A seller may conduct a private or
public sale to resell the goods. If it
is a private sale, the buyer is entitled to notice. If the resale price is less than the contract
price the seller may recover the difference from the buyer. If the resale price is higher it is a bonus
to the seller—the buyer is not entitled to recover such amount.
Deposits
Deposits are frequently utilized in
the horse world, and can be the cause of dispute where a seller or buyer
breaches. The parties’ agreement may
state that the buyer loses his/her deposit to the seller in the event of
breach. However, the UCC limits such
liquidated damages with a reasonableness condition, in light of the harm
suffered. For example, if two persons
agree to the sale/purchase of a horse for $500,000 and the buyer puts down a
$100,000 deposit, and then breaches five minutes after entering the contract,
the seller could be challenged should he/she attempt to keep the full deposit,
since it is completely out of line with any harm suffered. Note: this is the type of sales dispute that
can typically stay out of court and be settled.
Most sellers do not want the damage to their reputation that would occur
in this case if they were to keep the full amount and thus most agree to return
most or all of the deposit.
In addition to liquidated damages,
sellers can—and frequently do—limit the extent of the buyer’s recovery. It is perfectly appropriate to state that a
buyer is limited to return and replacement.
On a practical note, any such agreement should be clear and limit the
seller’s freedom in selecting a “replacement.”
For example: Todd purchased a
horse from Bill under a contract that stated that Todd was limited to return
and replacement for the horse in the event a problem was uncovered within 30
days of sale. Todd discovered the horse
had severe heaves and could not eat hay.
He sought to return the horse under the contract and pick a replacement,
to which the seller replied that he got to pick the replacement horse. Since the buyer and seller have completely
different interests in selecting a replacement, there should be no ambiguity in
such a provision as to what the replacement will be.
This Lesson gives you a very general
overview of some (but not all) the legal issues that arise in horse
transactions. Both merchants and
nonmerchants have certain rights and liabilities under the UCC and case law. For those operating, or intending to open, a
horse business, it is wise to take care in drafting agreements. While formalities are not required from a
legal standpoint, from a practical matter it is better to proceed with an
unambiguous contract that details both parties’ rights and responsibilities.
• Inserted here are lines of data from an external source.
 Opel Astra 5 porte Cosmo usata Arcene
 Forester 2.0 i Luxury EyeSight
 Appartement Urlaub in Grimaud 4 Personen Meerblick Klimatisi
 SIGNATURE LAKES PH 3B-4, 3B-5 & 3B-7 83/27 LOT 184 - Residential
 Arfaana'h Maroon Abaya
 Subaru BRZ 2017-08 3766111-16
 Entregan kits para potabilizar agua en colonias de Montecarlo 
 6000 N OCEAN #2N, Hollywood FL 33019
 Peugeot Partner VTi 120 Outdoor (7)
Amateur horsepersons would also be wise to
take care in entering horse transactions.
Many a person has gone horse shopping to buy a horse, and realized after
the fact that the oral vague agreement they entered gives them little security
if there is a problem with the horse or the seller.
An attorney can be very useful in this
area, and the legal expense of having a contract drafted or reviewed will
likely be significantly less than the cost of litigating a dispute.